The images uploaded in reverse order and imgur did away with their automatic sorting abilities, so what you can do is start at the bottom of the list and the slideshow will take you through each screen starting with the left menu item (top to bottom) and its tabs (left to right) - this way you can quickly scroll to the section that most interests you to see the abilities of XG v17.

 

[joeschmuck]

The link failed to load but that it okay.
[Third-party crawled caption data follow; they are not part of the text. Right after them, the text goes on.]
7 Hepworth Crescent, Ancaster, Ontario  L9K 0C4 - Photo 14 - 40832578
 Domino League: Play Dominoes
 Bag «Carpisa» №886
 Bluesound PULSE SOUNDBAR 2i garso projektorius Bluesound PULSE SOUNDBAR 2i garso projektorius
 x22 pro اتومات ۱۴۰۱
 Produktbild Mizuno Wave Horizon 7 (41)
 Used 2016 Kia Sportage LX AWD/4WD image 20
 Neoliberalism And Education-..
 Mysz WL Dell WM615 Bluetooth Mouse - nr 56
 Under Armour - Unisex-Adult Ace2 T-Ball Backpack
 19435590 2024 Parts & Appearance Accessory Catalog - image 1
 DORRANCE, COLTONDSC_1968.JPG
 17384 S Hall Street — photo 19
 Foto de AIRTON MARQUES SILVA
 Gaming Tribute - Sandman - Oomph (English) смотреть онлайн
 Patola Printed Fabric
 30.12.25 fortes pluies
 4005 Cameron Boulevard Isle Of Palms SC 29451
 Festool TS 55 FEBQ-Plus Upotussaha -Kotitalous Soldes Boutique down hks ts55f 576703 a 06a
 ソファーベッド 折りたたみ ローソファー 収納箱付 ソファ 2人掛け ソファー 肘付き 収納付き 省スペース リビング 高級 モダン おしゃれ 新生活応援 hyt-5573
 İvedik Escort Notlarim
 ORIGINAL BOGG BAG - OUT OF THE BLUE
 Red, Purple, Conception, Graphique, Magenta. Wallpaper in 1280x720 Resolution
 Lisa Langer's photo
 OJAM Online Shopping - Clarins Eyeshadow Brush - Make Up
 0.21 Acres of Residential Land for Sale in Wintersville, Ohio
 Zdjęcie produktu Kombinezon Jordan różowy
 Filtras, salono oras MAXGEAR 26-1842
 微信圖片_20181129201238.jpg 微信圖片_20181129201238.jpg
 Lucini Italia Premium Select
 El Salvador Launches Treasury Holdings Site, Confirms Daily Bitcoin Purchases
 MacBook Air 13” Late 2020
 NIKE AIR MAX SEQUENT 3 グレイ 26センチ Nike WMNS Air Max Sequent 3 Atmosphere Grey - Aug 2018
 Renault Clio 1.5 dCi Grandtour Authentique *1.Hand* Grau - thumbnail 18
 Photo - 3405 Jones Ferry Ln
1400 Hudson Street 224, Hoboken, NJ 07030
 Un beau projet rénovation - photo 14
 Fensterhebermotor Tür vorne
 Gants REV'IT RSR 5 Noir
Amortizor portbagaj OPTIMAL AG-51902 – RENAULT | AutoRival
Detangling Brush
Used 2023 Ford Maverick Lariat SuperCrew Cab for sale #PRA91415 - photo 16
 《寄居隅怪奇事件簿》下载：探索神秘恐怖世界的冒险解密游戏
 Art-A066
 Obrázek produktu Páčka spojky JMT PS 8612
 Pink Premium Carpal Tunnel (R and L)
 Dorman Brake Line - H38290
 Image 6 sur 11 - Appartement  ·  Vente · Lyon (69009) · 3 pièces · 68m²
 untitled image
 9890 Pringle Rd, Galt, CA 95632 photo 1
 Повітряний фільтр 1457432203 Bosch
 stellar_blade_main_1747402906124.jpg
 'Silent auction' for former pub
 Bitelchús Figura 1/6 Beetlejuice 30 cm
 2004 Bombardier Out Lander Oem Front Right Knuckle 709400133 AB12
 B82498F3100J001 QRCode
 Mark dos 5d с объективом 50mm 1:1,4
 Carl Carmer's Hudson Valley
I think I will wait a while.

EDIT: The link works now (6:55PM). Not sure why it didn't work before. It looks oddly like v16 but I'm sure there are some differences in there. Did you take all those snapshots manually? That must have taken a long time (20 minutes or so) to get all of those.

 

[diedrichg]

The link failed to load but that it okay. I think I will wait a while.

Check the URL, I just tried https://imgur.com/a/0nITv and it worked on a browser where I wasn't logged in.

 

[joeschmuck]

I just updated my previous posting, I got in while you were typing in your response.

 

[diedrichg]

EDIT: The link works now (6:55PM). Not sure why it didn't work before. It looks oddly like v16 but I'm sure there are some differences in there. Did you take all those snapshots manually? That must have taken a long time (20 minutes or so) to get all of those.

Approximately 6 seconds per screenshot @ over 150 images. It took a few, yeah. I did it for the community. Not that setting up a test VM takes much work, but this way you can get a good idea of what to expect without putting in much time.